ASSIGNED TASK: The answer must be an exact copy of the lines from the one containing "Used 2020 RAM" through the last line of the records, with no pictures.

++++ EXERCISE INPUT

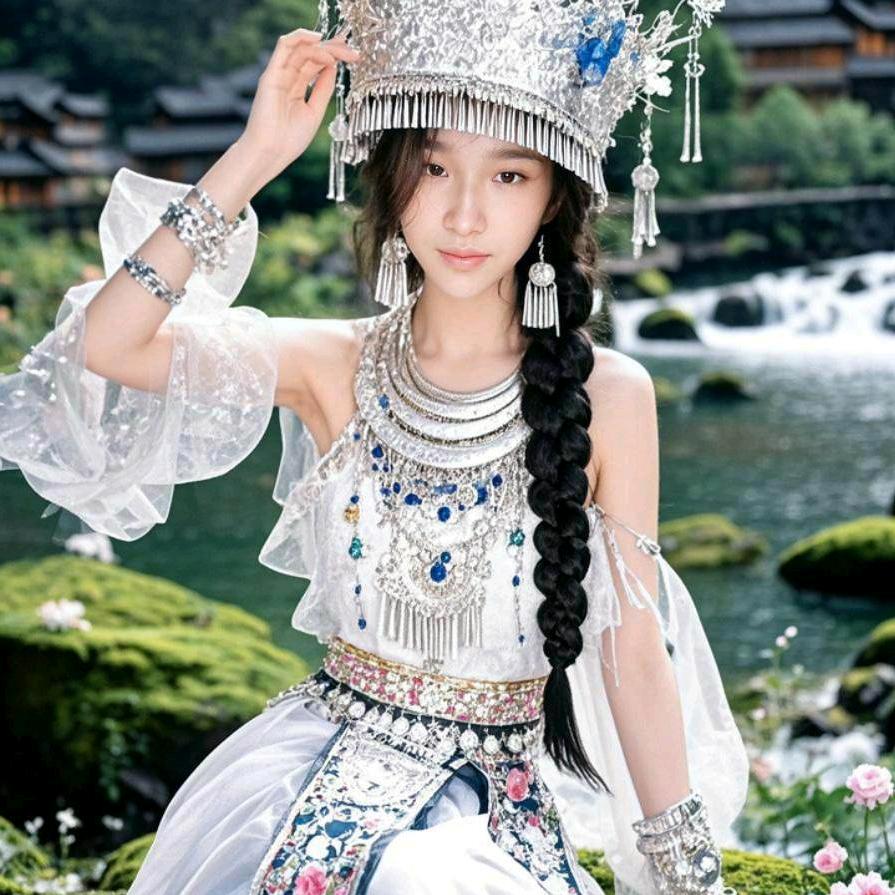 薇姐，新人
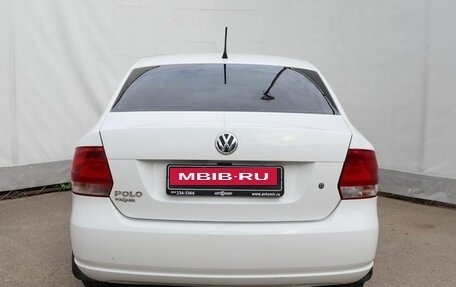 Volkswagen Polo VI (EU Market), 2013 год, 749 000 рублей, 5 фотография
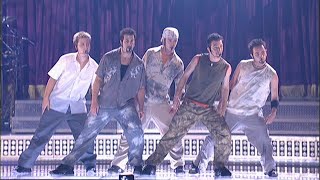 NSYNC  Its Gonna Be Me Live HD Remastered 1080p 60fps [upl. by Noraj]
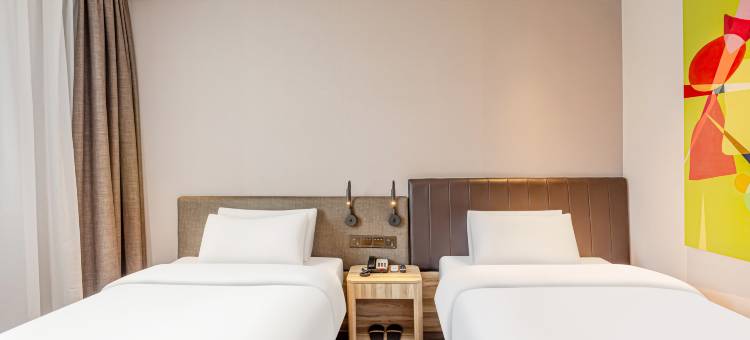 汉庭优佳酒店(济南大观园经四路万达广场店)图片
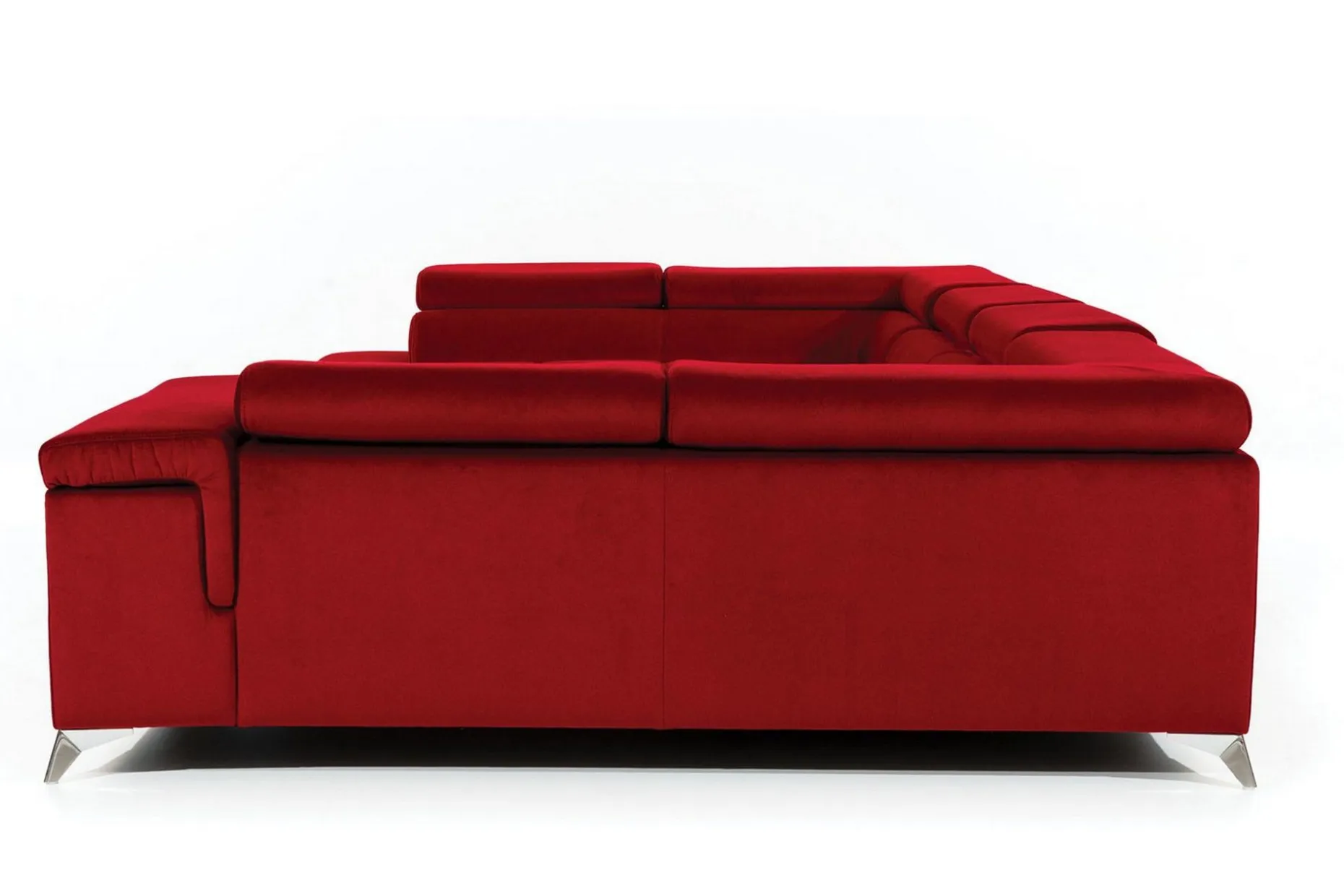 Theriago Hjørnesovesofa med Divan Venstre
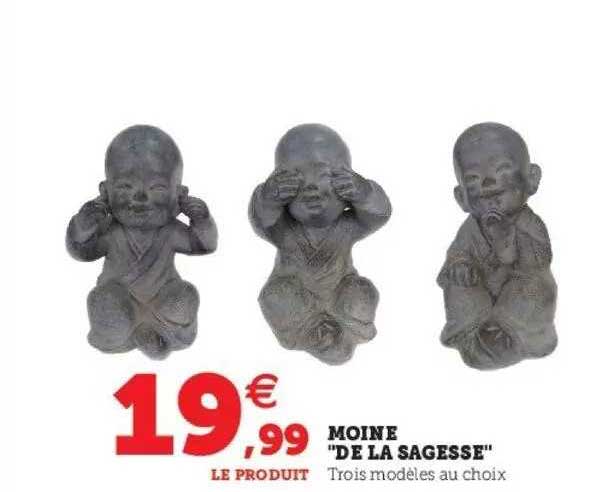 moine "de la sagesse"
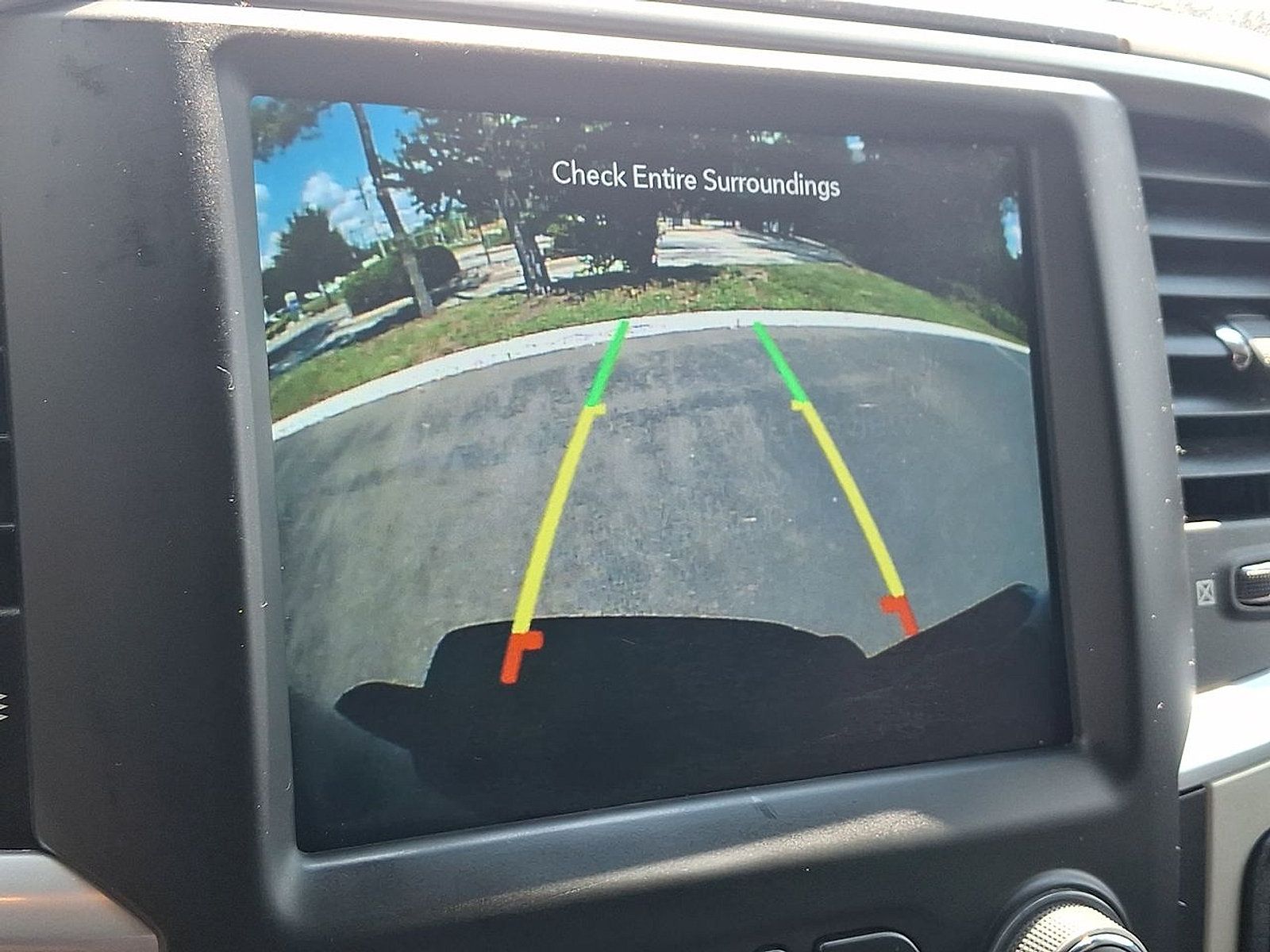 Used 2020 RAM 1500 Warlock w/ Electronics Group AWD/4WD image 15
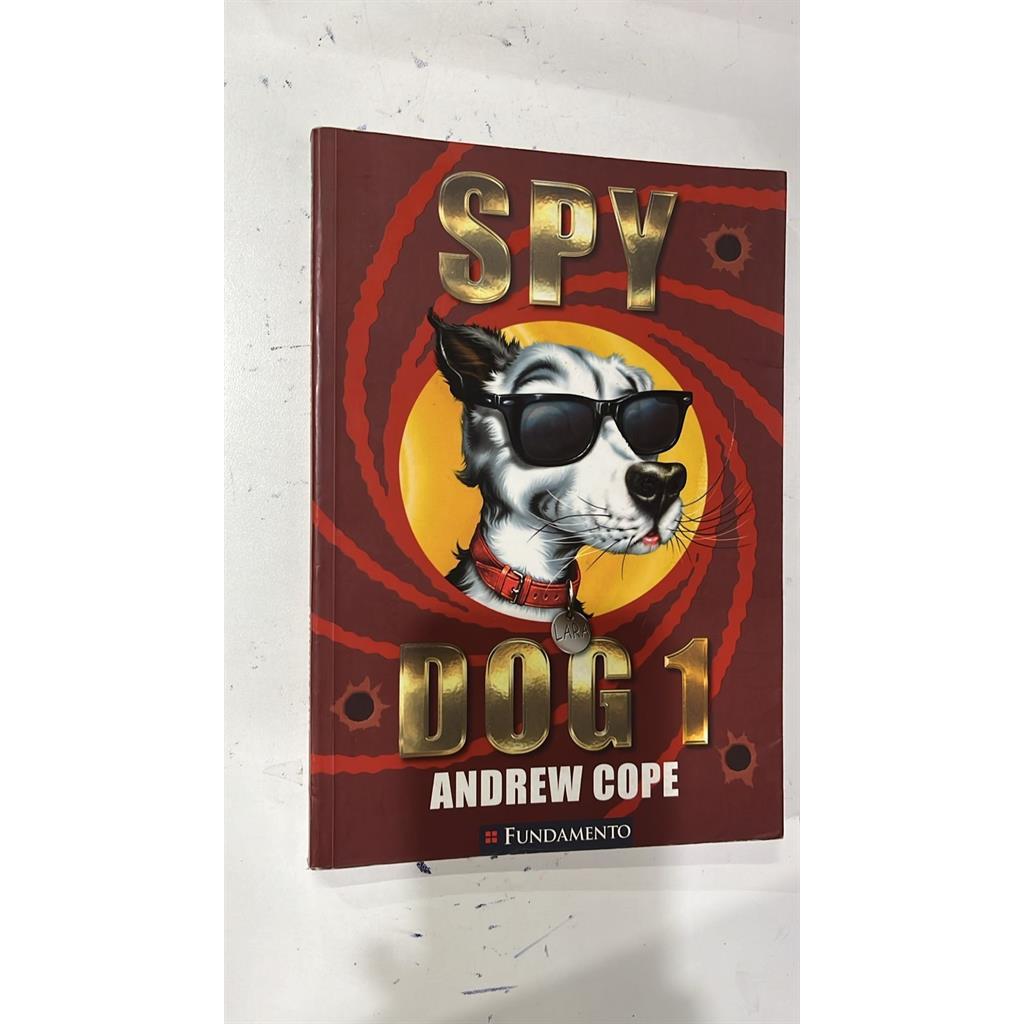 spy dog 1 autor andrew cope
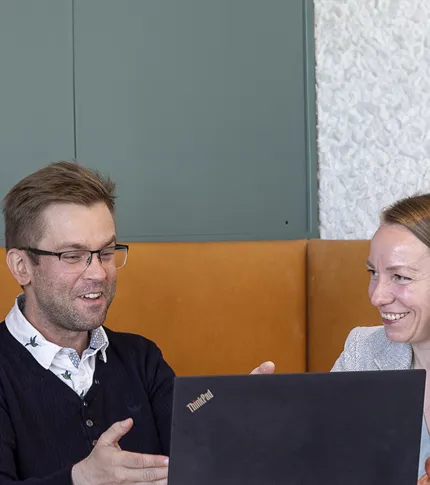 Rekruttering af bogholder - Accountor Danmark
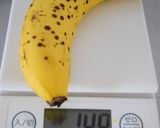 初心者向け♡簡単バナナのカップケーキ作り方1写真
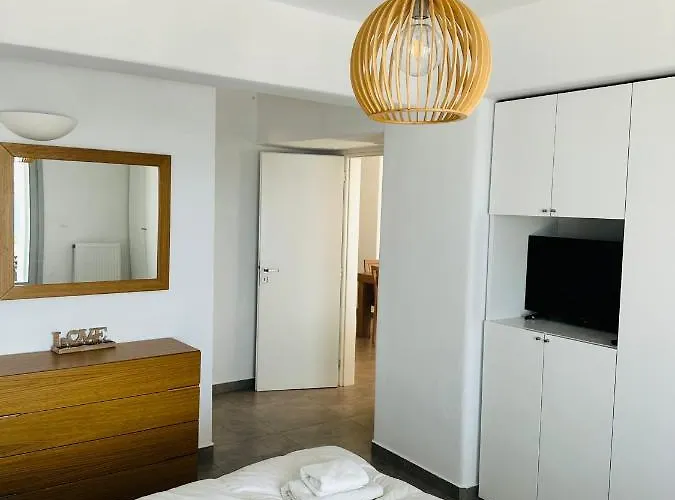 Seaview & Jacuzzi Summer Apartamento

++++++++

PROBLEM SOLUTION:
 Used 2020 RAM 1500 Warlock w/ Electronics Group AWD/4WD image 15
 spy dog 1 autor andrew cope
 Rekruttering af bogholder - Accountor Danmark
 初心者向け♡簡単バナナのカップケーキ作り方1写真
 Seaview & Jacuzzi Summer Apartamento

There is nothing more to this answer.